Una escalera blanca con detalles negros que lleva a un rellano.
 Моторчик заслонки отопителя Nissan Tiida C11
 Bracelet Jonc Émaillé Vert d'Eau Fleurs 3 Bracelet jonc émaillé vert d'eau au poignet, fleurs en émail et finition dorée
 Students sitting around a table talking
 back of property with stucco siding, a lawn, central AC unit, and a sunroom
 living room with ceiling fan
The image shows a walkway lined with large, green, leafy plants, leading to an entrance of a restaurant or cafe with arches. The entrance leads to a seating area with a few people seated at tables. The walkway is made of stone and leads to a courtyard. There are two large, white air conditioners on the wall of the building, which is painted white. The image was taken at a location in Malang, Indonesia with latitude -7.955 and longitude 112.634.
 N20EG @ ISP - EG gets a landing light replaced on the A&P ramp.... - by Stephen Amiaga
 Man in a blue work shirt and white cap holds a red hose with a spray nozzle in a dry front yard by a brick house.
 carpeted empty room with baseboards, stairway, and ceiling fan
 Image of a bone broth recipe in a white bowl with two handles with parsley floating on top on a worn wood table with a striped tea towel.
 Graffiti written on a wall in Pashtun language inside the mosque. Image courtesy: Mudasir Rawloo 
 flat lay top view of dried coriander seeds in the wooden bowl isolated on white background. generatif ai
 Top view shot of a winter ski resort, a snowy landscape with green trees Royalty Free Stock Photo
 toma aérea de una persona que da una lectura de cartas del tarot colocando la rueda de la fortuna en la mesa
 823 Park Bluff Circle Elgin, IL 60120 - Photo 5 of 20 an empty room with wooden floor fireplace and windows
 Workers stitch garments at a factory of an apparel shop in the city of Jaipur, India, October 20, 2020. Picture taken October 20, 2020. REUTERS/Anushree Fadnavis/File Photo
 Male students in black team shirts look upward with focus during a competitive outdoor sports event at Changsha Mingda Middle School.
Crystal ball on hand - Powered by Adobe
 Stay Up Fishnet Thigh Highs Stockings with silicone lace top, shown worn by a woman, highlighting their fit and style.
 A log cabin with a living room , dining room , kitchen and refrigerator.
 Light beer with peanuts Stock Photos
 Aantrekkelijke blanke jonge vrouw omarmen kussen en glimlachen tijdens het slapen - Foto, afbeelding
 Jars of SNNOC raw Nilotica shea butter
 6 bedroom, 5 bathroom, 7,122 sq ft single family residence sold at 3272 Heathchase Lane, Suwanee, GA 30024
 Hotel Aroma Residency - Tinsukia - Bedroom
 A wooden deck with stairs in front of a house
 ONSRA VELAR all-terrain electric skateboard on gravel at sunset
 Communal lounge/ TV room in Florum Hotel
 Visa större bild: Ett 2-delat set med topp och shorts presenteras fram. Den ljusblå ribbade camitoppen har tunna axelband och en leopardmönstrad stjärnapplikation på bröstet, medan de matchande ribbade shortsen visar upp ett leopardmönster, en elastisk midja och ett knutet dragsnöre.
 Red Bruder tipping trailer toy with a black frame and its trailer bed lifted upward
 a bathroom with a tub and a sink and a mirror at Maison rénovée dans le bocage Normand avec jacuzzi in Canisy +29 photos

#####

| ASSIGNMENT |
Restate the data in full so that no line differs from the original.

| RESULT |
Una escalera blanca con detalles negros que lleva a un rellano.
 Моторчик заслонки отопителя Nissan Tiida C11
 Bracelet Jonc Émaillé Vert d'Eau Fleurs 3 Bracelet jonc émaillé vert d'eau au poignet, fleurs en émail et finition dorée
 Students sitting around a table talking
 back of property with stucco siding, a lawn, central AC unit, and a sunroom
 living room with ceiling fan
The image shows a walkway lined with large, green, leafy plants, leading to an entrance of a restaurant or cafe with arches. The entrance leads to a seating area with a few people seated at tables. The walkway is made of stone and leads to a courtyard. There are two large, white air conditioners on the wall of the building, which is painted white. The image was taken at a location in Malang, Indonesia with latitude -7.955 and longitude 112.634.
 N20EG @ ISP - EG gets a landing light replaced on the A&P ramp.... - by Stephen Amiaga
 Man in a blue work shirt and white cap holds a red hose with a spray nozzle in a dry front yard by a brick house.
 carpeted empty room with baseboards, stairway, and ceiling fan
 Image of a bone broth recipe in a white bowl with two handles with parsley floating on top on a worn wood table with a striped tea towel.
 Graffiti written on a wall in Pashtun language inside the mosque. Image courtesy: Mudasir Rawloo 
 flat lay top view of dried coriander seeds in the wooden bowl isolated on white background. generatif ai
 Top view shot of a winter ski resort, a snowy landscape with green trees Royalty Free Stock Photo
 toma aérea de una persona que da una lectura de cartas del tarot colocando la rueda de la fortuna en la mesa
 823 Park Bluff Circle Elgin, IL 60120 - Photo 5 of 20 an empty room with wooden floor fireplace and windows
 Workers stitch garments at a factory of an apparel shop in the city of Jaipur, India, October 20, 2020. Picture taken October 20, 2020. REUTERS/Anushree Fadnavis/File Photo
 Male students in black team shirts look upward with focus during a competitive outdoor sports event at Changsha Mingda Middle School.
Crystal ball on hand - Powered by Adobe
 Stay Up Fishnet Thigh Highs Stockings with silicone lace top, shown worn by a woman, highlighting their fit and style.
 A log cabin with a living room , dining room , kitchen and refrigerator.
 Light beer with peanuts Stock Photos
 Aantrekkelijke blanke jonge vrouw omarmen kussen en glimlachen tijdens het slapen - Foto, afbeelding
 Jars of SNNOC raw Nilotica shea butter
 6 bedroom, 5 bathroom, 7,122 sq ft single family residence sold at 3272 Heathchase Lane, Suwanee, GA 30024
 Hotel Aroma Residency - Tinsukia - Bedroom
 A wooden deck with stairs in front of a house
 ONSRA VELAR all-terrain electric skateboard on gravel at sunset
 Communal lounge/ TV room in Florum Hotel
 Visa större bild: Ett 2-delat set med topp och shorts presenteras fram. Den ljusblå ribbade camitoppen har tunna axelband och en leopardmönstrad stjärnapplikation på bröstet, medan de matchande ribbade shortsen visar upp ett leopardmönster, en elastisk midja och ett knutet dragsnöre.
 Red Bruder tipping trailer toy with a black frame and its trailer bed lifted upward
 a bathroom with a tub and a sink and a mirror at Maison rénovée dans le bocage Normand avec jacuzzi in Canisy +29 photos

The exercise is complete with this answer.